Among the entries below, only the lines from the one with "VESNA Розетка с/з ПБТ золото" through the one with "Knit top with sash — Pastel pink" are wanted, reproduced exactly. Pictures are not wanted.

--- Entries supplied ---

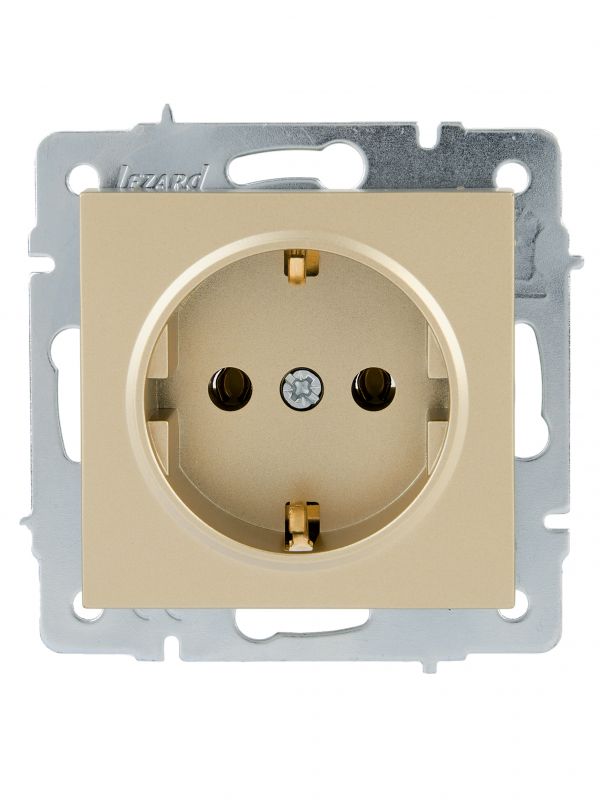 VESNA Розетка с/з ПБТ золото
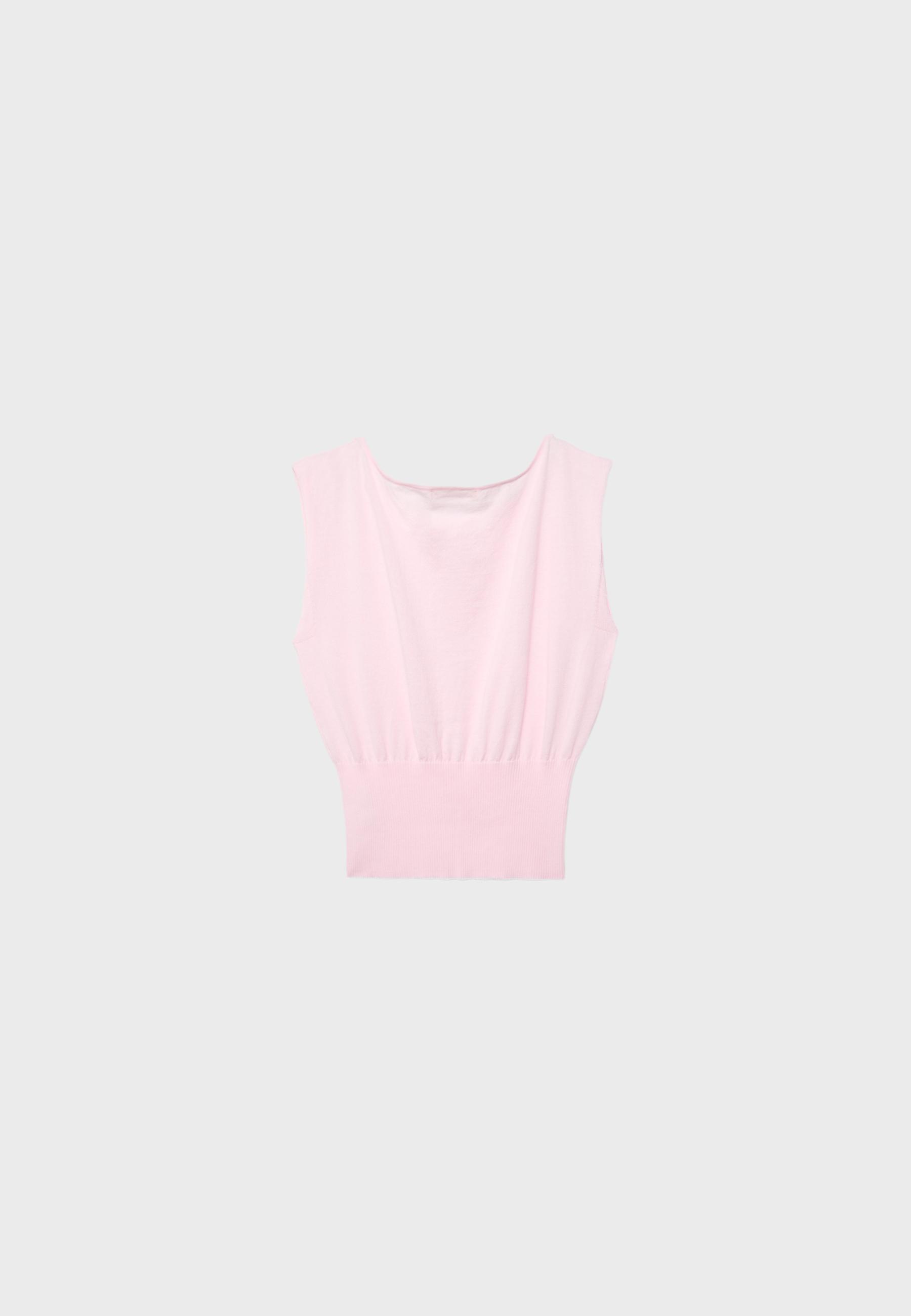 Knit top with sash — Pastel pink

---
--- Entries supplied ---

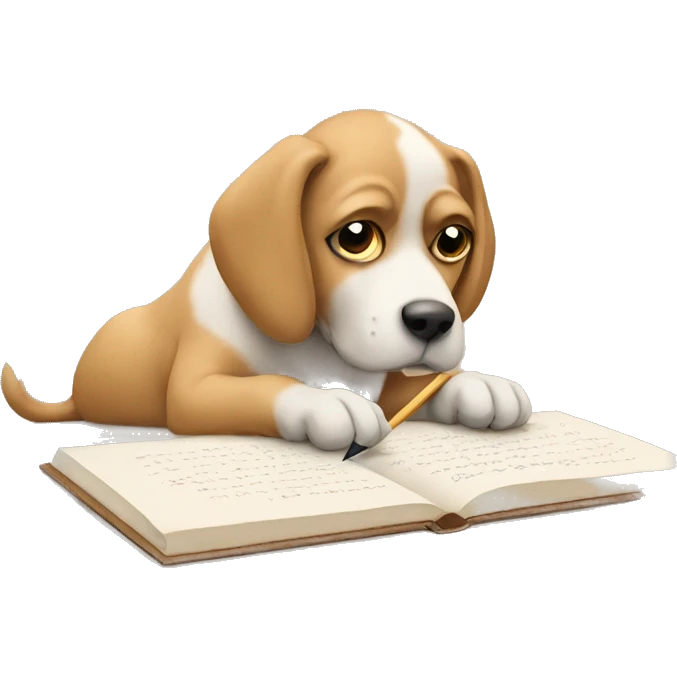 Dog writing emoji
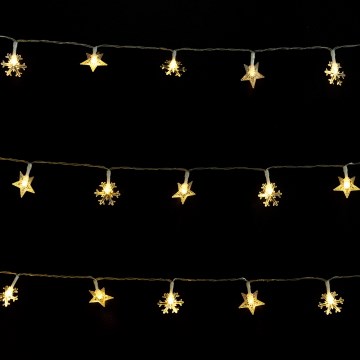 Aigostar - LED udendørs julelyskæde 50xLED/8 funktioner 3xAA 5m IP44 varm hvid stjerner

---

• _Your response_:
 VESNA Розетка с/з ПБТ золото
 Knit top with sash — Pastel pink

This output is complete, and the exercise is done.